1.1. Ş İİRLERDE İ ŞLENEN TEMLER

1.1.2. Sanat, Sanatçı ve Şair

Mağcan, 'sanat' kavramını daha çok medeniyete vesile olan bilgi, feraset, estetik üretim ve gayrete karşılık gelecek biçimde kullanır. Sanat ona göre her şeyden evvel çalışmayı istemekle ve çalışarak ilerletilebilecek bir eğitim süreciyle kazanılabilir:

Osı uwaqıt şähärge tursañ karap, Türli curt türli iste cürgen tarap. Köçe boylap oquwğa şapşañ basıp, Çattıq pen cas balalar boqşa arkalap, Qıs, küz bolmas olarğa köñilsiz şak, Oquuw bilip ayırar qara men aq, Önerlengen, dünyege ustat bolğan. Qoldarında olardıñ tac benen taq.

(Küz)

Bu mevsimde şehre baksan...

Türlü işlere dağılıp giden çeşit çeşit halk...

Okumak için hızlıca yürüyerek, caddeyi baştan başa katedip.. Çocuklar neşeyle bohçalarını sırtlıyorlar.

Kış ve güz, onlar için istenmeyen mevsim değildir.

Onlar, okuma sâyesinde kara ile akı birbirinden ayırırlar. Hüner sahibi ve dünyaya üstat olmuşlardır.

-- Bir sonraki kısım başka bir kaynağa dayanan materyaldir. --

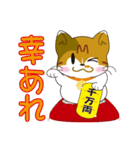 神社猫 ちゃこ（個別スタンプ：5）
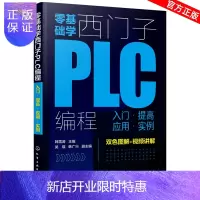 惠典正版 零基础学西门子PLC编程 入门提高应用实例 视频讲解 西门子PLC从入门到精通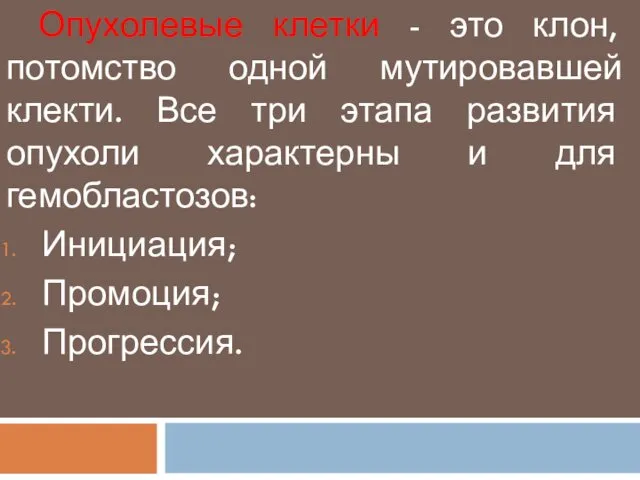 Опухолевые клетки - это клон, потомство одной мутировавшей клекти. Все три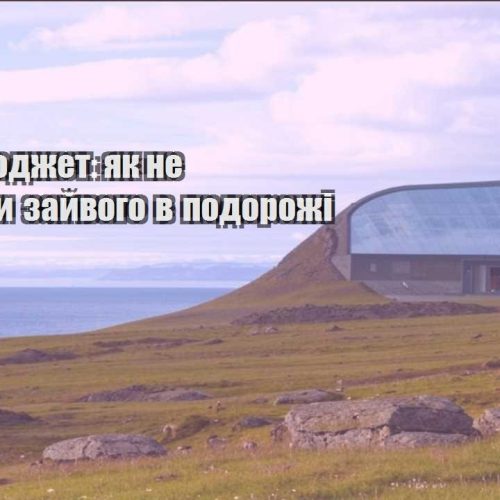 trevel byudzhet yak ne vytrachaty zajvogo v podorozhi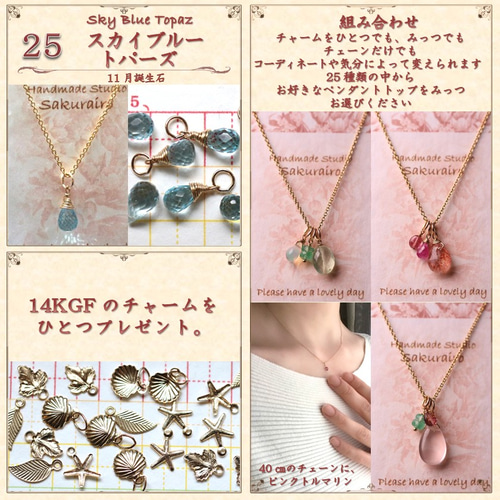 選べる 25種類 3種セット 送料無料 鑑別済 ルビー サファイア
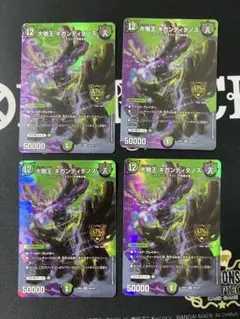 大樹王 ギガンディダノス 4枚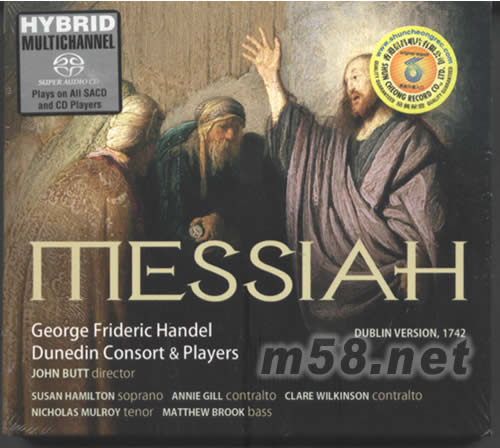 MESSIAH彌撒曲 SACD專輯正面圖片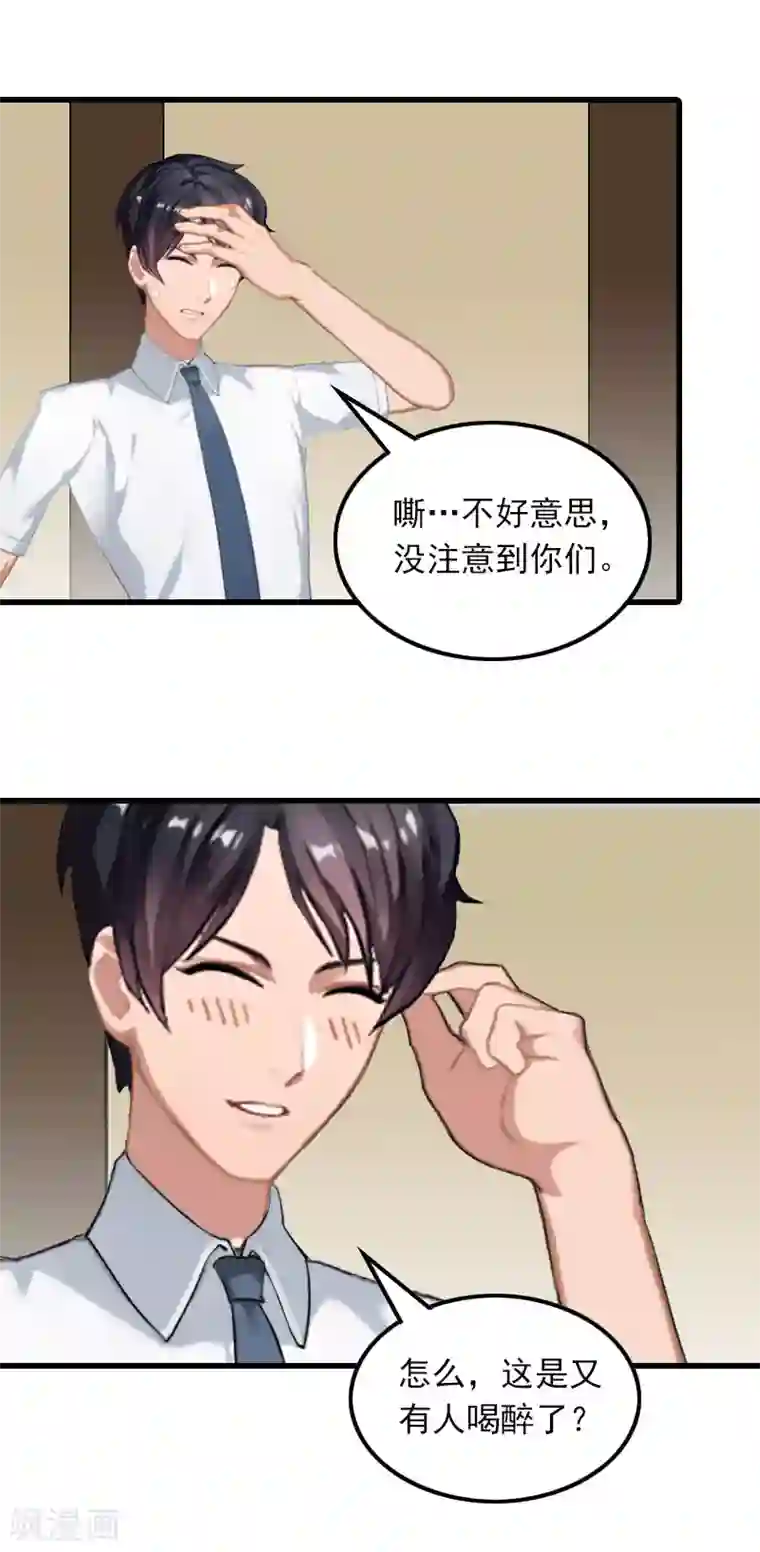 萌妻驾到第20话 杀机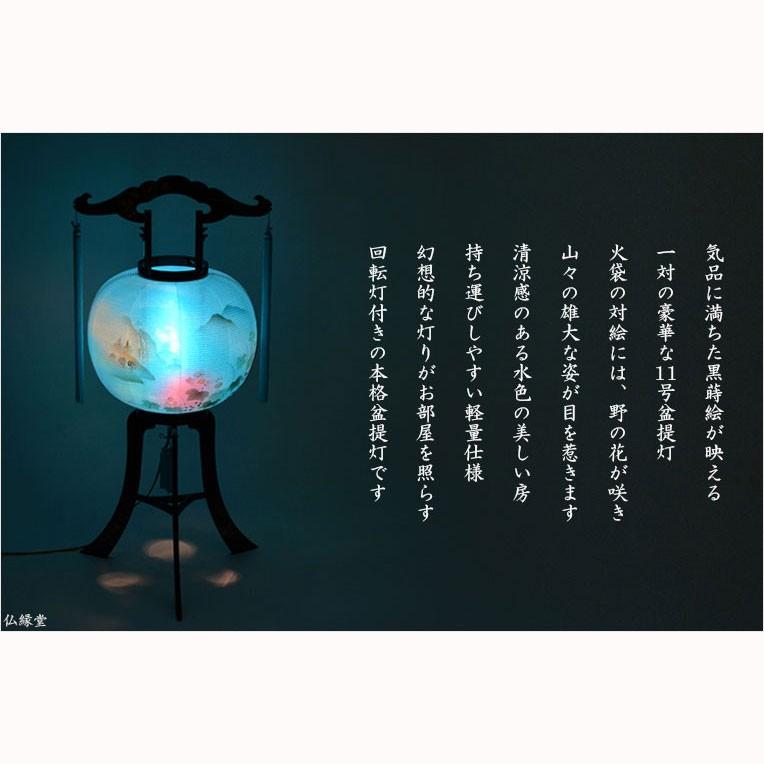 特選 お盆提灯【岐阜提灯:11号一対(2台) 黒蒔絵・浅間 特選 お盆提灯【岐阜提灯:11号一対(2台) 黒蒔絵・浅間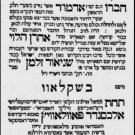 Shaarei Avoda, Shklov, 1821 [Book]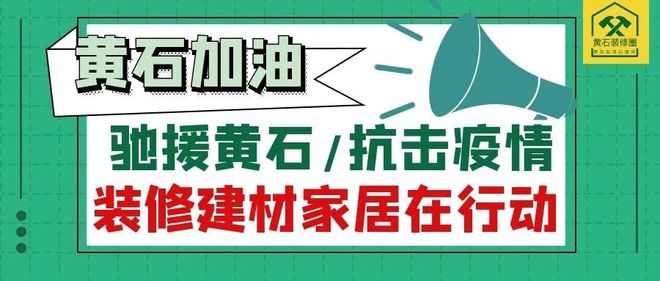 湖北瀛通电子招聘启事，携手共创未来，探寻优秀人才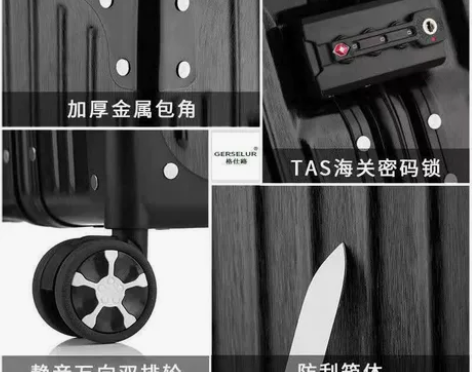 韩版行李箱女拉杆箱男学生旅行箱万向轮皮箱子...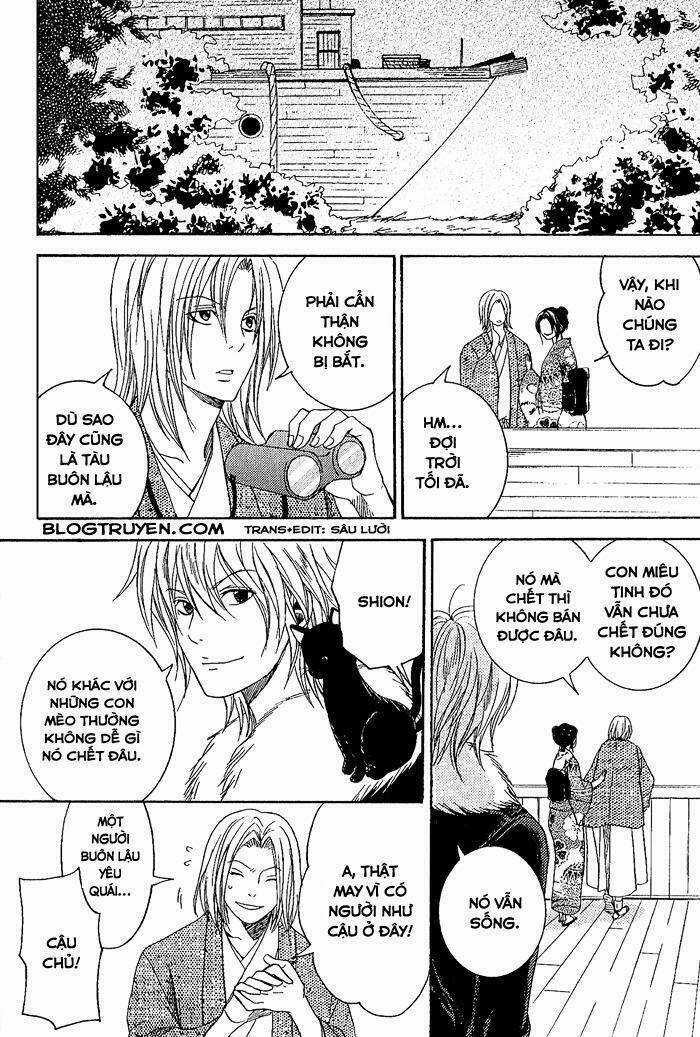 Toukaidou Hisame Chapter 8 trang 10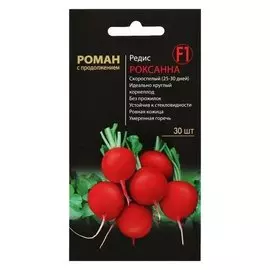 Семена Редис "Роксанна" F1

Taç ve taht onların elindedir.

(Güz)

Şairin en dertli olduğu konu da sanat başlığıdır aslında. Halkının içerisine düştüğü sıkıntıların kaynağının sanatın bulunmayışı olduğuna inanır. Çünkü sanat hemen kazanılacak bir şey değildir. Bugün meyvelerini yemek için geçmişte dikilmesi gereken bir ağaçtır sanat:

Qala, ras, öner, bilim qaynağan cer. Tutqın ğıp nadandıqtı baylağan cer

Egilgen eskide öner ağaşınıñ Cemisi, qızıl güli caynağan cer.

(Cazdı Küni Qalada)

Şehir hakikat, sanat ve ilim kaynayan yerdir; Câhilliği hapsedip bağlayan yerdir.

Eski zamanda dikilen sanat ağacının

Yemişinin ve kırmızı çiçeğinin parladığı yerdir. (Yaz Günü Şehirde)

Ancak Kazak halkı ilim, sanat bakımından çok eksik ve üstelik öğrenmeye isteksizdir de. Şair bu durumu çok realist bir tutumla defalarca tespit eder:

Bilimnen at tonı men qaşqan Qazaq, Saylauwğa talasuuwğa qanday usta. Balasın oqıtuuw men coq cumısı, El buzuuw, malın şaşuuw barlıq isi. ...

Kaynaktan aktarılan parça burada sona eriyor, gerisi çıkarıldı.